Whereas the Greeks epitomised balance and beauty, the Romans succeeded through incredible forces of will, co-operation and strict adherence to rules (which were literally etched in stone).
We started the year with Roman history and, to engage their will, students beat copper into coins with etched profiles and made desk and bag-hook name plates out of beaten copper or aluminum. Marching together as a class demands precision in rhythms and togetherness. Hand drumming is another strong rhythmic will and co-operation activity practiced regularly.
As part of the Rome Main Lesson, we began a study of Latin. Mother of the Romance languages (Italian, French, Spanish, Portuguese and Romanian), Latin is also a key influence in the development of English.
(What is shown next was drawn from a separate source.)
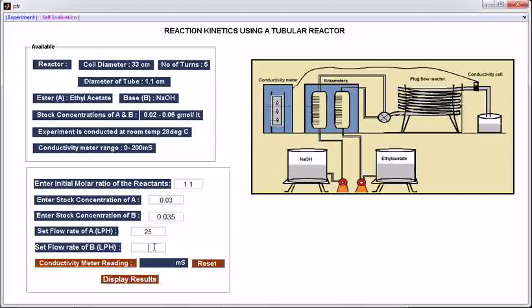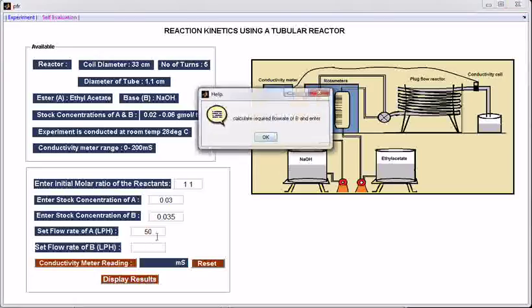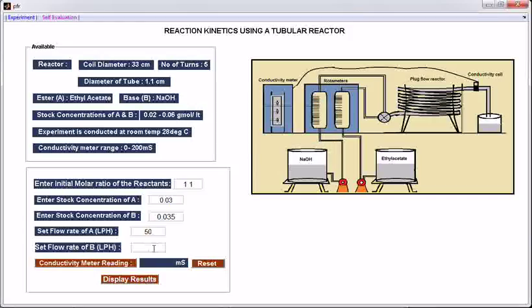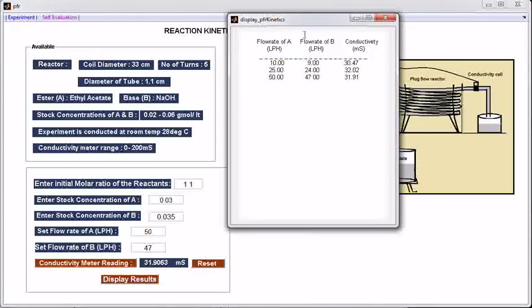Calculate and enter — the calculated value is 23.57, so rounded off to 24. Click, then reset. Repeat the same procedure for a few more readings. For 50 lph, VB is 47.14, so take the rounded-off value of 47. To see all these readings, click the button 'Display Results'. These are the flow rates we have entered, and these are the conductivity meter readings at these flow rates.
The students have been delighted to recognise this. As one student exclaimed, "This is amazing! I can actually (understand) this!". Anyone who speaks more than one language knows that each language has its own genius, or feel, allowing the speaker to think differently in different languages. What better way to understand the Romans than to speak, read, recite and sing in their language, with the side benefit of understanding our own language better, and increasing our vocabulary by doing so!
Class 6 also began black and white drawing this term, such a great metaphor for their pre-adolescent mindset.
Our next Main Lesson is a study of Minerology/Geology which we will combine with Platonic Solids. Such riches to be fossicked!